We undertook analysis of LfDs as set out in the 2017 amendment to the NHS 2010 QA regulations: this involved review of compliance of reports against regulation numbers 27.1–27.6 (table 1).9 Where NSCTs did not fully report we sought to understand why this may have been the case from comments within the QA itself. In addition, we reviewed LfDs reports for basic errors in quality (such as grammatical and typographical mistakes). Only data found within the NSCTs QA was included in the analysis. Quantitative analysis was undertaken and reported using descriptive statistics. The qualitative methodology used was a process of data familiarisation (reading each report twice on separate occasions), systematic data coding, generating initial domains deductively,683 then developing multidimensional themes inductively through active engagement and immersion in the data, looking both at what was present and what was absent. Finally, these themes were refined by sense checking with the original reports and discussion with the other authors.

Table 1

NHS quality accounts LfDs regulations9

Every LfDs report was reviewed by the primary reviewer (ZB) twice, on separate occasions to ensure full data capture. Ten per cent of reports from 2018/2019 to 2019/2020 were identified by random number generation and reviewed independently by a second reviewer (ZH) to ensure accuracy and reliability. In the case of disagreement, ZB rereviewed the LfDs report for clarification. Reflexive TA was predominantly undertaken by ZB, with input from the other authors at the final stage.
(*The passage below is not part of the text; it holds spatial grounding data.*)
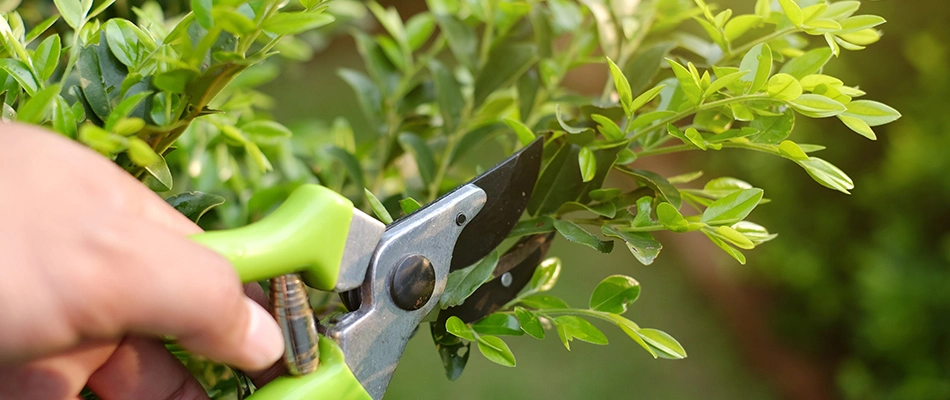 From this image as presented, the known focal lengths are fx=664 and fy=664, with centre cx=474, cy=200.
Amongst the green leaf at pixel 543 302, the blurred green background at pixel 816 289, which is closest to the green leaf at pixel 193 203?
the green leaf at pixel 543 302

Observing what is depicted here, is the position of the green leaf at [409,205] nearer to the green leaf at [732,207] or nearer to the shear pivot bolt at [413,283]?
the shear pivot bolt at [413,283]

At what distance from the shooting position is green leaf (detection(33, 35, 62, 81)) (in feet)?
1.25

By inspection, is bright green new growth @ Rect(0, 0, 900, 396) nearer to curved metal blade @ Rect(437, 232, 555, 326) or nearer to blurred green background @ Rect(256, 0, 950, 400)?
curved metal blade @ Rect(437, 232, 555, 326)

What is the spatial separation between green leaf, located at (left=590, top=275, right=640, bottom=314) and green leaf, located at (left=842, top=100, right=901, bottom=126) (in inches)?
6.5

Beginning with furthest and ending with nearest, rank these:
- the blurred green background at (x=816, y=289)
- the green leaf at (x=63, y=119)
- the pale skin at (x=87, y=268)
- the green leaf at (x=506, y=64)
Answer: the blurred green background at (x=816, y=289) < the green leaf at (x=506, y=64) < the green leaf at (x=63, y=119) < the pale skin at (x=87, y=268)

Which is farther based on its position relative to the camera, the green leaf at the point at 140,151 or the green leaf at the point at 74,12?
the green leaf at the point at 74,12

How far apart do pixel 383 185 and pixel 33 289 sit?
46 cm

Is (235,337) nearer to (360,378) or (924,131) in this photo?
(360,378)

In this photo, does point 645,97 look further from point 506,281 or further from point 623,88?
point 506,281

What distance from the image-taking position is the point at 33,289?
0.25 m

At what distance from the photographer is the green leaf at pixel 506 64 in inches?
22.2

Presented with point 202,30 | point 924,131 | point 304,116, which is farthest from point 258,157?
point 304,116

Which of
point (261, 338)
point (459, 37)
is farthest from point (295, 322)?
point (459, 37)

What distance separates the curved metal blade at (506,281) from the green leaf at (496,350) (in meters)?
0.03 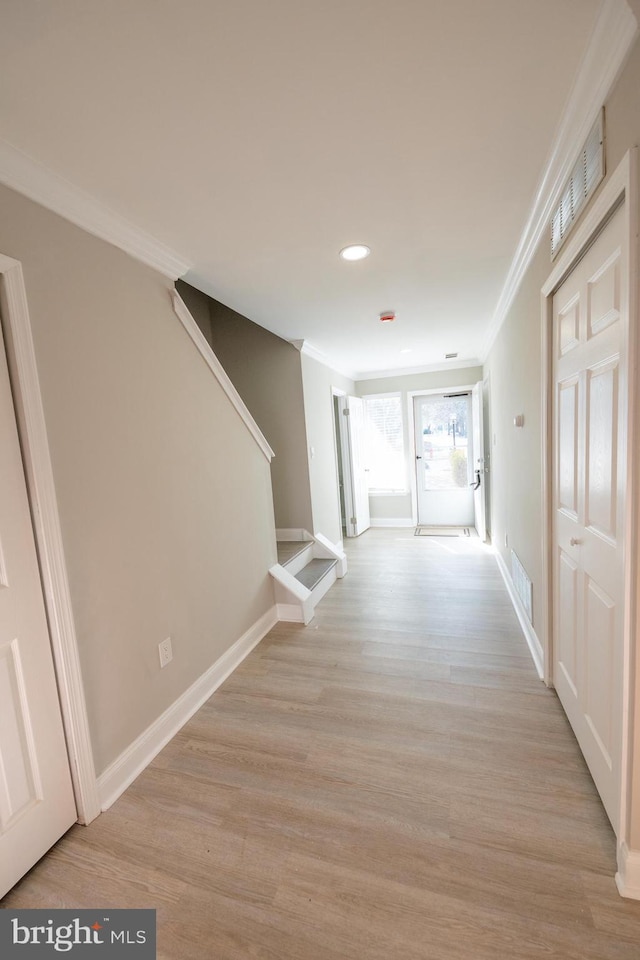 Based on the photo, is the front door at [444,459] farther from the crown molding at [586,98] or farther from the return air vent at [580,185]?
the return air vent at [580,185]

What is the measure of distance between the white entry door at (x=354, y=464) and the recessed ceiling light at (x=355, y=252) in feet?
9.85

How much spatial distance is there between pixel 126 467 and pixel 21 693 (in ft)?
2.92

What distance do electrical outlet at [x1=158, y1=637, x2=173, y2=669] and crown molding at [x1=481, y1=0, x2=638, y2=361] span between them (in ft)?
8.50

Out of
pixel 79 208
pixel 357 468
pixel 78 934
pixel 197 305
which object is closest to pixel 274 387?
pixel 197 305

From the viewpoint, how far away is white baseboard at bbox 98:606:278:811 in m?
1.66

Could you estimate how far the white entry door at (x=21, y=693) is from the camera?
51.6 inches

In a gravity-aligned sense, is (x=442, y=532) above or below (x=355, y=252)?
below

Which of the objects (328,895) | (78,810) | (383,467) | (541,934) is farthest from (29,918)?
(383,467)

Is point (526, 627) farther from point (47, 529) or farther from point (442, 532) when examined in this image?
point (442, 532)

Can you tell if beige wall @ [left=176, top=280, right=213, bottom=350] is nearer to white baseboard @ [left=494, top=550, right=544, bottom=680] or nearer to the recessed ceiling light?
the recessed ceiling light

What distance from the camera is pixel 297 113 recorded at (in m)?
1.26

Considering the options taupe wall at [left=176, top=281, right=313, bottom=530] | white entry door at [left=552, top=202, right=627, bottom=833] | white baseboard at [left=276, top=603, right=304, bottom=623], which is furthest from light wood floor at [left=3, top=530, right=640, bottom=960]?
taupe wall at [left=176, top=281, right=313, bottom=530]

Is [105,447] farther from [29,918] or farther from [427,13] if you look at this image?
[427,13]

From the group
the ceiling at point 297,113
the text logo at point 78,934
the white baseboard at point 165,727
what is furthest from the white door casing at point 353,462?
the text logo at point 78,934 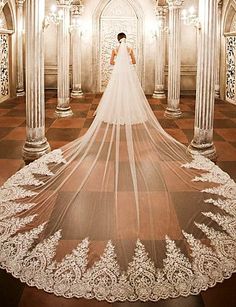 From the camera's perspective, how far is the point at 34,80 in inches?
281

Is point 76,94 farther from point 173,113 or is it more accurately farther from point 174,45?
point 174,45

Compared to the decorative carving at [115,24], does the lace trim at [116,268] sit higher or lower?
lower

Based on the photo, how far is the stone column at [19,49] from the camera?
589 inches

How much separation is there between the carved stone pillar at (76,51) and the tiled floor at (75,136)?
53 cm

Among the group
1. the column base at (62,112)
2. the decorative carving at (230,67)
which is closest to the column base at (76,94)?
the column base at (62,112)

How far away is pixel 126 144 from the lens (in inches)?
261

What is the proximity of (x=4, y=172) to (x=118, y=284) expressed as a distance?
3.54m

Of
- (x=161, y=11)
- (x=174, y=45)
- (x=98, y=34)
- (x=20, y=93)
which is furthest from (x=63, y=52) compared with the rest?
(x=98, y=34)

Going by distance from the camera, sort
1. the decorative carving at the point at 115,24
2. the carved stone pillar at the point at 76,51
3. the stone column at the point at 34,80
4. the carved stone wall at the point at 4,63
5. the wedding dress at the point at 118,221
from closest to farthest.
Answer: the wedding dress at the point at 118,221 → the stone column at the point at 34,80 → the carved stone wall at the point at 4,63 → the carved stone pillar at the point at 76,51 → the decorative carving at the point at 115,24

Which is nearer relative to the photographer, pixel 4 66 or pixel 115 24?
pixel 4 66

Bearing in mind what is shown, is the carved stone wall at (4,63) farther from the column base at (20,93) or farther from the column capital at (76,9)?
the column capital at (76,9)

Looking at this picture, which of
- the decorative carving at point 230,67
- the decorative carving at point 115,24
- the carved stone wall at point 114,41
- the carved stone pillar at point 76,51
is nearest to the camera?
the decorative carving at point 230,67

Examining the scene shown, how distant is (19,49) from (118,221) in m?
12.3

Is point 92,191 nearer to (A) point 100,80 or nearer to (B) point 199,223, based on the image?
(B) point 199,223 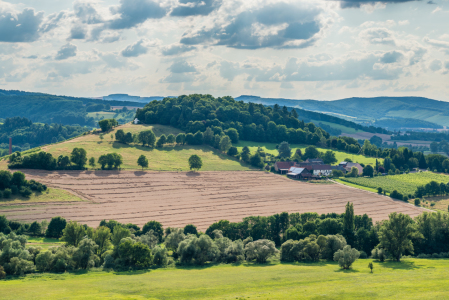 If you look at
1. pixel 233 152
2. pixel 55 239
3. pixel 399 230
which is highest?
pixel 233 152

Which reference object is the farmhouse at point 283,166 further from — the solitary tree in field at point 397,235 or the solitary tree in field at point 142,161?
the solitary tree in field at point 397,235

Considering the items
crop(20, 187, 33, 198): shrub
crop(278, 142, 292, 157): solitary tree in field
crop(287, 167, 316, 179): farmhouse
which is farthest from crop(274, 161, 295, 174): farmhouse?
crop(20, 187, 33, 198): shrub

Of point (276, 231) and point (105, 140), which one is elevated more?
point (105, 140)

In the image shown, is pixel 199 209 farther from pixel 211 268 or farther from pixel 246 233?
pixel 211 268

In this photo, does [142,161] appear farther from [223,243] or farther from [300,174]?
[223,243]

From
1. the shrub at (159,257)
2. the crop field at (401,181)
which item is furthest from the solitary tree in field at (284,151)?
the shrub at (159,257)

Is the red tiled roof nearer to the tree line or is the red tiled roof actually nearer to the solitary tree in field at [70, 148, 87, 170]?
the solitary tree in field at [70, 148, 87, 170]

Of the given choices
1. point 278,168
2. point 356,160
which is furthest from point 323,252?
point 356,160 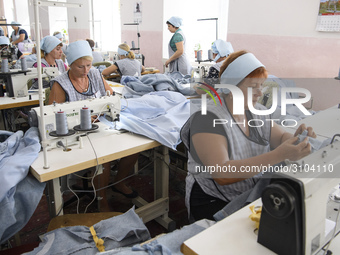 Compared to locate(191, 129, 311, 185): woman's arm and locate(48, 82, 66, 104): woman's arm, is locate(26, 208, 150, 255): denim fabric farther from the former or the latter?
locate(48, 82, 66, 104): woman's arm

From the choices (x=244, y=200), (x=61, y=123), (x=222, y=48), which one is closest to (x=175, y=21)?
(x=222, y=48)

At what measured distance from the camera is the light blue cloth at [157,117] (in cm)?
193

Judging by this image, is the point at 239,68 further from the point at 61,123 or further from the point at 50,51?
the point at 50,51

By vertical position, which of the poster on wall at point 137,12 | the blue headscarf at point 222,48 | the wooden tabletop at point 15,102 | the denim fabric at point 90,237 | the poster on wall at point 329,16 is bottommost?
the denim fabric at point 90,237

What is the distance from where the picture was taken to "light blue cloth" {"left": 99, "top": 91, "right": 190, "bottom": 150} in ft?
6.33

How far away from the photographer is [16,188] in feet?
4.80

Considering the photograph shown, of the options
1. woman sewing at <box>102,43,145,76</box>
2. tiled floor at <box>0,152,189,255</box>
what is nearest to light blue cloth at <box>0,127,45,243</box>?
tiled floor at <box>0,152,189,255</box>

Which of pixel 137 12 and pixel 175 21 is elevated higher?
pixel 137 12

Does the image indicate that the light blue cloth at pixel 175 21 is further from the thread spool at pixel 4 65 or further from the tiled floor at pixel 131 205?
the thread spool at pixel 4 65

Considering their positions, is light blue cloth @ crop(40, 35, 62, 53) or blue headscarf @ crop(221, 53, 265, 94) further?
light blue cloth @ crop(40, 35, 62, 53)

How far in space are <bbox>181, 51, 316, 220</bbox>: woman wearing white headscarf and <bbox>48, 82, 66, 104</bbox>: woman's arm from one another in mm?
1280

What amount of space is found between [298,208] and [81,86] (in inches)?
81.7

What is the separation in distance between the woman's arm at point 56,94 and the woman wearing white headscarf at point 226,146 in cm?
128

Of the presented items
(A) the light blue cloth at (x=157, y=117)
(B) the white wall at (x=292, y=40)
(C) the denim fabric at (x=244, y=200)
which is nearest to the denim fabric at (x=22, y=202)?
(A) the light blue cloth at (x=157, y=117) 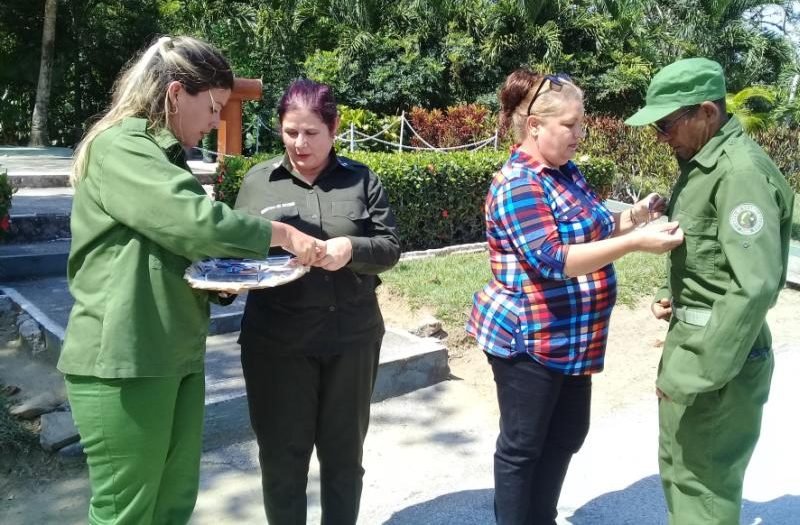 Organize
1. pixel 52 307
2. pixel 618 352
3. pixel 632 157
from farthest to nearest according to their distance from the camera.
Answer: pixel 632 157 < pixel 52 307 < pixel 618 352

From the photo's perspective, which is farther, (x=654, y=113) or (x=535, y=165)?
(x=535, y=165)

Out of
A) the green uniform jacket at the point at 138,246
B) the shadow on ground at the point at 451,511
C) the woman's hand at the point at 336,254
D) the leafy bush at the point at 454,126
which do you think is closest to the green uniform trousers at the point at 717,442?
the shadow on ground at the point at 451,511

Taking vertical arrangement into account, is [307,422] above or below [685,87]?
below

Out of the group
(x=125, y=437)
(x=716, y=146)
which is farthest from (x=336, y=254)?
(x=716, y=146)

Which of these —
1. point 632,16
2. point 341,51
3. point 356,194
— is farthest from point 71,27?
point 356,194

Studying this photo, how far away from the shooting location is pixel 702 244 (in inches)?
82.1

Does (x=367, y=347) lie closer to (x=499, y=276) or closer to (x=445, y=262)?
(x=499, y=276)

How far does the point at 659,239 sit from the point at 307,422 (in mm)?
1277

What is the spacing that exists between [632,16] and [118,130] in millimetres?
19415

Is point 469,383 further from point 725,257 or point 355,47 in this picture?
point 355,47

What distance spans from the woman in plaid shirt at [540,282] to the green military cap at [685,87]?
0.92 ft

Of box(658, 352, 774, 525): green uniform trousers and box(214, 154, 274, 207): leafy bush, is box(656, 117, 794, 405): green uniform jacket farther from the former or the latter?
box(214, 154, 274, 207): leafy bush

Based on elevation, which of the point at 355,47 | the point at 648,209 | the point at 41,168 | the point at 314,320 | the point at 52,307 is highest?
the point at 355,47

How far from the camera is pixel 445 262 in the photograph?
22.8 ft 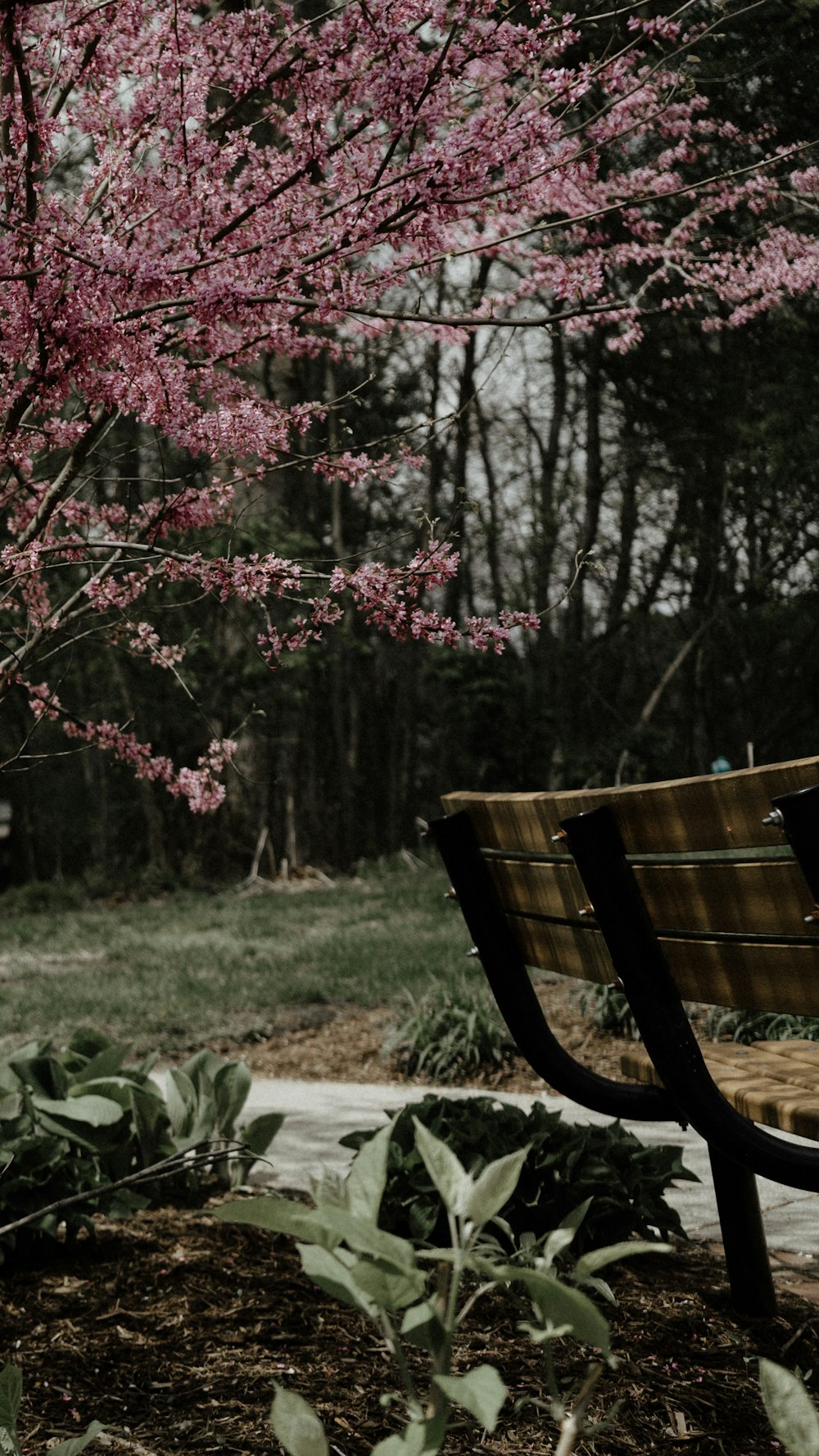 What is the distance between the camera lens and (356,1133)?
114 inches

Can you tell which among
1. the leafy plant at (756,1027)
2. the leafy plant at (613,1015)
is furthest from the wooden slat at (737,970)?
the leafy plant at (613,1015)

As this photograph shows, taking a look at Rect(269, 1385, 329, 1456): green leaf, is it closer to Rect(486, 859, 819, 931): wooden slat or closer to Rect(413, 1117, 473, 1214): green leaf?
Rect(413, 1117, 473, 1214): green leaf

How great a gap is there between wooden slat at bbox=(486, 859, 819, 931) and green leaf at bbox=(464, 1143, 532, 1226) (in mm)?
830

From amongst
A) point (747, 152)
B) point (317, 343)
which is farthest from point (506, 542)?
point (317, 343)

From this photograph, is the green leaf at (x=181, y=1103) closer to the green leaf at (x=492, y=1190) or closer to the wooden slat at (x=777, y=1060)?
the wooden slat at (x=777, y=1060)

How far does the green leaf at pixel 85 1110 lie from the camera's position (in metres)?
2.99

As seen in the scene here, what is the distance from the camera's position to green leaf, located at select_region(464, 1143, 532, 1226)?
3.32 ft

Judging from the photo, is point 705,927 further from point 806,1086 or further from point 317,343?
point 317,343

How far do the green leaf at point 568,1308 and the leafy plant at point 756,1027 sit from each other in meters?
4.56

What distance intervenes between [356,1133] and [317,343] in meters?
2.03

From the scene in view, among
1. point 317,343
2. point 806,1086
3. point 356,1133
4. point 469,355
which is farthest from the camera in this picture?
point 469,355

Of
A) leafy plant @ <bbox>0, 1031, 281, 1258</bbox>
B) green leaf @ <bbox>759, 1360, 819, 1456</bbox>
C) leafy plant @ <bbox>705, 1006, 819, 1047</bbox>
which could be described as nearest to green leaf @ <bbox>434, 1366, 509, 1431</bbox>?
green leaf @ <bbox>759, 1360, 819, 1456</bbox>

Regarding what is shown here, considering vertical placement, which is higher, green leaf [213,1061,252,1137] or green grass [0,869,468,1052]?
green leaf [213,1061,252,1137]

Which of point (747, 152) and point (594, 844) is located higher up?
point (747, 152) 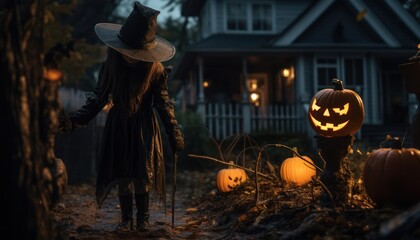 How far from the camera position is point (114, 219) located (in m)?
6.57

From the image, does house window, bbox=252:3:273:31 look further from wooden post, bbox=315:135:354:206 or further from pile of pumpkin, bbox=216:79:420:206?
wooden post, bbox=315:135:354:206

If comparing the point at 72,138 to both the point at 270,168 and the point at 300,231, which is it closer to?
the point at 270,168

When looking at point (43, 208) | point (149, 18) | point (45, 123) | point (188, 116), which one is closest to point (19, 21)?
point (45, 123)

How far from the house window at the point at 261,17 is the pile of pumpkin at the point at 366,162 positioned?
1402 cm

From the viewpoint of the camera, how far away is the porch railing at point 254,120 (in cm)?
1695

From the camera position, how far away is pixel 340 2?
63.1 feet

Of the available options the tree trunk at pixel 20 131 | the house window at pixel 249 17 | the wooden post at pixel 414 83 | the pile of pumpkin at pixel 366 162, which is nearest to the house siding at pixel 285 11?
the house window at pixel 249 17

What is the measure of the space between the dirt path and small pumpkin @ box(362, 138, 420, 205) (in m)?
1.33

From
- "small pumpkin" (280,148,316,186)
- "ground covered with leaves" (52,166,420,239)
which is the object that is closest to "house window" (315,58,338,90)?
"ground covered with leaves" (52,166,420,239)

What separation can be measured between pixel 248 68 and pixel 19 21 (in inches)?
741

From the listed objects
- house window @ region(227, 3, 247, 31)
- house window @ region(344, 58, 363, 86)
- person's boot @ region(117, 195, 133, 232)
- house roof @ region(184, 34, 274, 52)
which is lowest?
person's boot @ region(117, 195, 133, 232)

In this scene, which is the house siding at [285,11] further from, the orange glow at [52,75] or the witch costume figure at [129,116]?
the orange glow at [52,75]

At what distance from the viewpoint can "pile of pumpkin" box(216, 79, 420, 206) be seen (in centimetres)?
415

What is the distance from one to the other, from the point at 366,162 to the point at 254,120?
12.9 m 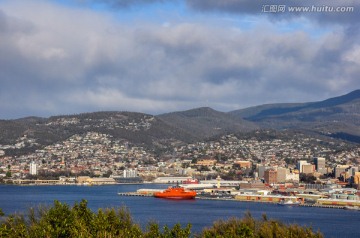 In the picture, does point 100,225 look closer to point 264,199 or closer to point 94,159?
point 264,199

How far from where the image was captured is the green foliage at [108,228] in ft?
72.1

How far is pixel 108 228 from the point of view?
74.2 feet

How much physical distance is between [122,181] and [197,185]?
24100mm

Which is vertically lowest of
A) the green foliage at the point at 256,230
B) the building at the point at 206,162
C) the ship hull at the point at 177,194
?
the ship hull at the point at 177,194

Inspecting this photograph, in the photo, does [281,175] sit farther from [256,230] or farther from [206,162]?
[256,230]

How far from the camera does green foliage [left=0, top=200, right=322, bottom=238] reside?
866 inches

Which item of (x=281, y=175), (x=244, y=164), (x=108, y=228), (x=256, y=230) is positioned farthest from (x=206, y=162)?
(x=108, y=228)

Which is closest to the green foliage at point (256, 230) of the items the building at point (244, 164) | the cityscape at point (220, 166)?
the cityscape at point (220, 166)

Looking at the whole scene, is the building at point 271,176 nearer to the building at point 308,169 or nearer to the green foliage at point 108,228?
the building at point 308,169

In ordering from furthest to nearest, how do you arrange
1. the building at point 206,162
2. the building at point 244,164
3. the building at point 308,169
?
the building at point 206,162, the building at point 244,164, the building at point 308,169

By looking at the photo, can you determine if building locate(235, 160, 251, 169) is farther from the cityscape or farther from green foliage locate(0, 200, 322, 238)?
green foliage locate(0, 200, 322, 238)

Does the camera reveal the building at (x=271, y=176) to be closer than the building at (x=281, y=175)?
Yes

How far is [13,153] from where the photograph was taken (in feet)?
456

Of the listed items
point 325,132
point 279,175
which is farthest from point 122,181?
point 325,132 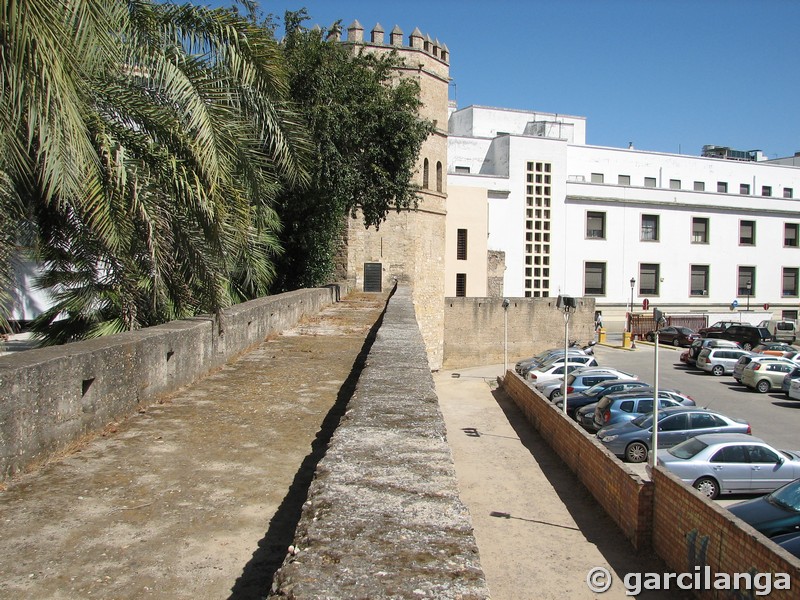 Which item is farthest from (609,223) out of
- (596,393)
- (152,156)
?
(152,156)

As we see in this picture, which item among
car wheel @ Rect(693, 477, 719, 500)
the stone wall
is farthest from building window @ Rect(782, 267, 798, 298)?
A: the stone wall

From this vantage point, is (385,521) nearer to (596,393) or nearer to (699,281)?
(596,393)

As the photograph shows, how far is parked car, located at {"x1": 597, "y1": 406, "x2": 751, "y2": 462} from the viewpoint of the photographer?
1538 cm

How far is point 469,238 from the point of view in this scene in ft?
134

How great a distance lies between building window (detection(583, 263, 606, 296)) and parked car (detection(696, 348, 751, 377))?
15.6 metres

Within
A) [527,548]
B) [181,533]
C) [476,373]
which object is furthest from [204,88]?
[476,373]

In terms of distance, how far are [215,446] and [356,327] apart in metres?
8.26

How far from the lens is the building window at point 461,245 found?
40.8 meters

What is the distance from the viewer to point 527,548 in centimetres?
1008

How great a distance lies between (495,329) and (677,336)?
1240cm

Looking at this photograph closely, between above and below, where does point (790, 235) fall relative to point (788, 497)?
above

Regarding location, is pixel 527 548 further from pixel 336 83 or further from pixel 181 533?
pixel 336 83

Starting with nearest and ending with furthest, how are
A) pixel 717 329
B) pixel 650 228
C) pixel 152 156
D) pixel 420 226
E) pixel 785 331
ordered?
pixel 152 156
pixel 420 226
pixel 717 329
pixel 785 331
pixel 650 228

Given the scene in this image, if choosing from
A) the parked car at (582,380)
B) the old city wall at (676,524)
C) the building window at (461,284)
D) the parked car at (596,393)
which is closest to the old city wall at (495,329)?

Data were captured in Microsoft excel (V.16.15). This study has been reported using Standards for Reporting Qualitative Research.684


Reflexivity was undertaken alongside the research methodology, as described by Trainor and Bundon (2021).685 For additional information, see online supplemental file 2.

Supplemental material

Patient and public involvement

This study forms part of a larger programme of work overseen by a public and relatives steering group to improve relevance from the perspective of those affected by deaths in healthcare and to reduce healthcare researcher bias. The steering group have been involved in the planning, design, development of conclusions and paper authorship. The reporting of patient and public involvement has been undertaken using guidance for reporting involvement of patients and the public 2—short form.686


Quantitative analysis

The number of NSCTs is reducing year on year due to mergers of NSCTs: 222 NSCTs in 2017/2018, 217 NSCTs in 2018/2019, 213 NSCTs in 2019/2020.

NSCTs who reported all six statutory elements (table 1) of the LfDs reporting framework:

  • 2017/2018: 98 out of 222 (44%)

  • 2018/2019: 109 out of 217 (50%)

  • 2019/2020: 75 out of 213 (35%)

NSCT reporting data for 2017 - 2020 against the six statutory elements can be found in table 2.17-680

Table 2

NHS Secondary Care Trusts (NSCT) LfDs statutory reporting 2017–2020 17-680

NSCTs who did not report any parts of the LfDs regulatory requirements:

  • 2017/2018: Two NSCTs (0.9%)

  • 2018/2019: Three NSCTs (1.4%)

  • 2019/2020: Eleven NSCTs (5.2%) (nine QA published, but no LfDs report, two no QA published)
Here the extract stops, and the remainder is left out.